Repeat precisely the span of lines below that opens with the line containing "In July there" and closes with the line containing "Ropalia can contain", both included.

→ Collected data:
-----

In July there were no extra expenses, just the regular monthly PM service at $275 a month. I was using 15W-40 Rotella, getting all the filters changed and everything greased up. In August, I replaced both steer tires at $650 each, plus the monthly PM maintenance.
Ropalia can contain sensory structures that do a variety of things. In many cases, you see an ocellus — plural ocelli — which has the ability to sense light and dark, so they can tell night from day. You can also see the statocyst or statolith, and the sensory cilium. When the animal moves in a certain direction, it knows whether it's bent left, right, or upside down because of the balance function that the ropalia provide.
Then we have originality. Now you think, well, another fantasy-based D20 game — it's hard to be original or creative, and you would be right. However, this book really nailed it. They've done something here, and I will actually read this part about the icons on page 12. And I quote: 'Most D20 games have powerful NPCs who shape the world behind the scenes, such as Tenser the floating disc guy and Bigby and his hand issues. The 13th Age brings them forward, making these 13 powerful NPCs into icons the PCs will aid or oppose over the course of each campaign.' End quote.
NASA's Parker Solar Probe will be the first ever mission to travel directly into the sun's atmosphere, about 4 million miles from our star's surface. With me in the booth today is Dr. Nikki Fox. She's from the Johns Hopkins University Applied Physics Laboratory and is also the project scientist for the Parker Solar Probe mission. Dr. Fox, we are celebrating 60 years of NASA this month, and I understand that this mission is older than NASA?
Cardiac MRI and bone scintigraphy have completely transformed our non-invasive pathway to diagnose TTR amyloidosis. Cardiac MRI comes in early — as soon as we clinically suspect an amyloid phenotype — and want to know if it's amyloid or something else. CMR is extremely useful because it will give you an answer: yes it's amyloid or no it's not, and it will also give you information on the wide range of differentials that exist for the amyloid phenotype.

-----

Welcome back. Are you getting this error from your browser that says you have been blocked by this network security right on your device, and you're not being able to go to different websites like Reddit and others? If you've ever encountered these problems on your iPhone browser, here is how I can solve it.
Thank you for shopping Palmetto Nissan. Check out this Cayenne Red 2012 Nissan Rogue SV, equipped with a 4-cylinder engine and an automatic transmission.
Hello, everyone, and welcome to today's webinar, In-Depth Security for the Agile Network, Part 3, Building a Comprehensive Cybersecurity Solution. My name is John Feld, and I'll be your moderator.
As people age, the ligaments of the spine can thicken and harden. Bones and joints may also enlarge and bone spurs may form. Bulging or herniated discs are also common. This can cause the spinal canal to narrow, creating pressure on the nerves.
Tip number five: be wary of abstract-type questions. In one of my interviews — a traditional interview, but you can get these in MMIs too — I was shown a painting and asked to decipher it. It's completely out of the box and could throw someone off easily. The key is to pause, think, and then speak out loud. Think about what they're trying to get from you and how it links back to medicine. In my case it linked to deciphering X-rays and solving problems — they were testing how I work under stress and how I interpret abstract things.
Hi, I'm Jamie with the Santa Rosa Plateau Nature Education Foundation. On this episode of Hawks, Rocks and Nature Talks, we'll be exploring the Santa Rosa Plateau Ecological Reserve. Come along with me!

-----

→ Written answer:
In July there were no extra expenses, just the regular monthly PM service at $275 a month. I was using 15W-40 Rotella, getting all the filters changed and everything greased up. In August, I replaced both steer tires at $650 each, plus the monthly PM maintenance.
Ropalia can contain sensory structures that do a variety of things. In many cases, you see an ocellus — plural ocelli — which has the ability to sense light and dark, so they can tell night from day. You can also see the statocyst or statolith, and the sensory cilium. When the animal moves in a certain direction, it knows whether it's bent left, right, or upside down because of the balance function that the ropalia provide.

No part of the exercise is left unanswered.